Disneyland App & MaxPass

Using the Disneyland app during your visit is basically non-negotiable and will make your life so much easier during your visit (something I learned this trip first hand). The app shows live wait times at rides, where characters are in the park, restaurant and restroom locations, etc.

Start by purchasing your tickets on the app, which then will be right on your phone when you enter. Because we had a 3-day ticket, we got a “Magic Morning,” which allows you to go into the park an hour before it officially opens. One hour may not sound like much, but we were able to hit 3-4 rides in that hour that had lines later in the day of 45+ minutes a piece. Plus, with a toddler, it’s not like we aren’t all up early anyway.
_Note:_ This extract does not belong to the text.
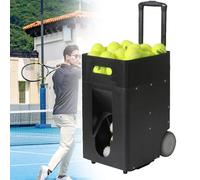 Tennis Ball Launcher, Portable Tennis Machine, Dual-Mode Control, Ideal for Beginner and Advanced Players, Perfect Tennis Trainer for Skill Improvement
Another feature available on your tickets is called MaxPass, which is an additional $10/day and it has two main features:

First, it allows you to make “FastPass” picks from your phone, which basically lets you walk right to the front of the line for rides. In the past, you’ve had to walk all the way over to the ride (which can take forever), grab a slip of paper with a number (think the DMV), and then come back to the ride later to skip the line. So being able to do it from your phone saves tons of time.

Second, and my favorite part about MaxPass, is the pictures! There are Disney photographers all over the park who will take your photo with their fancy high resolution cameras. Then they scan your phone and voila! The photos appear right on your phone. It. Is. SO. Awesome.
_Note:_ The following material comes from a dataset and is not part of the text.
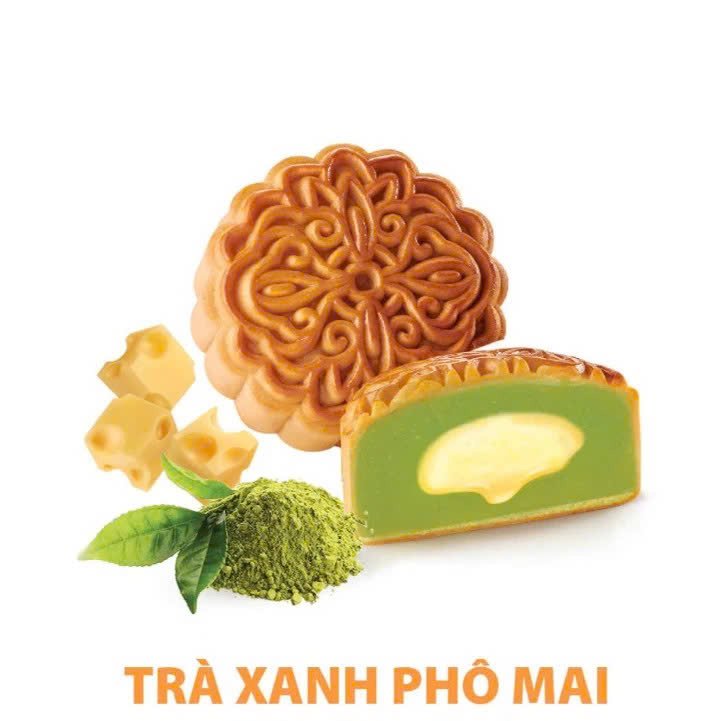 B&aacute;nh Trung Thu KIDO Tr&agrave; Xanh Phomai 0 trứng 150g (XP0)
Two Words: Character. Meals.

Chances are, once you’re inside of the park and want to meet a Disney character, you’re going to have to wait in line for 10-15 minutes to see them, and that’s a best case scenario if you just happen to see Pluto in a random corner of ToonTown. Line wait times for Elsa, Mickey, etc were 30+ minutes around the clock.
One important thing to think about here is that after waiting in said line, chances are your little is going to get to the front and be absolutely terrified when they’re up close to a larger than life Goofy in a rushed environment… Thus the beauty of character meals.

There is a whole section on the Disneyland website that details your different options for character meals. As I mentioned earlier, my son is big time into Minnie and Mickey and could really care less about Moana or Peter Pan, so we planned accordingly by choosing a breakfast that guaranteed Mickey and his pals would be there. These meals give you a more private setting and instead of waiting in line, after line, after line to introduce your kiddos to their idols, the characters COME TO YOU! What a concept!

My son thought it was so awesome that he got to watch Daisy Duck walk around the restaurant for a couple of minutes before she came to our table and made a fuss over him.

These meals are a bit more expensive than regular dining in the park, but not a huge difference in price. It also gives you extra time in the park for rides, since you aren’t waiting in lines to meet your favorite characters. Win win!

Go With the Flow

As much as you plan and try to allocate your time in the park, your kid will have meltdowns. Disneyland is basically the epicenter for toddler meltdowns. Maybe he will freak out because you left his hat in the stroller or can’t find a concession stand that sells M&Ms (real life). Maybe he falls asleep in the stroller at 10 am instead of his normal 1 pm nap time, or maybe he only naps for 30 minutes instead of and hour – so what? Just because you’re at Disneyland doesn’t make him less of an emotional rollercoaster.

So if you take nothing else away from this article, take this: just roll with it and I promise you will have more fun then if you get stressed at every little thing. I continuously joke that vacation mom is way more fun than Denver mom and it’s so true. You’re there to have fun!

Getting to see Disneyland through my son’s eyes is one of my favorite mama memories to date. The excitement. The wonder. The awe.

And yes, I know he won’t remember this trip when he’s 20, but he has been talking about it all day, everyday since we got home with the same joy on his face that he’s had for a week. And for this mama, that’s a big time win.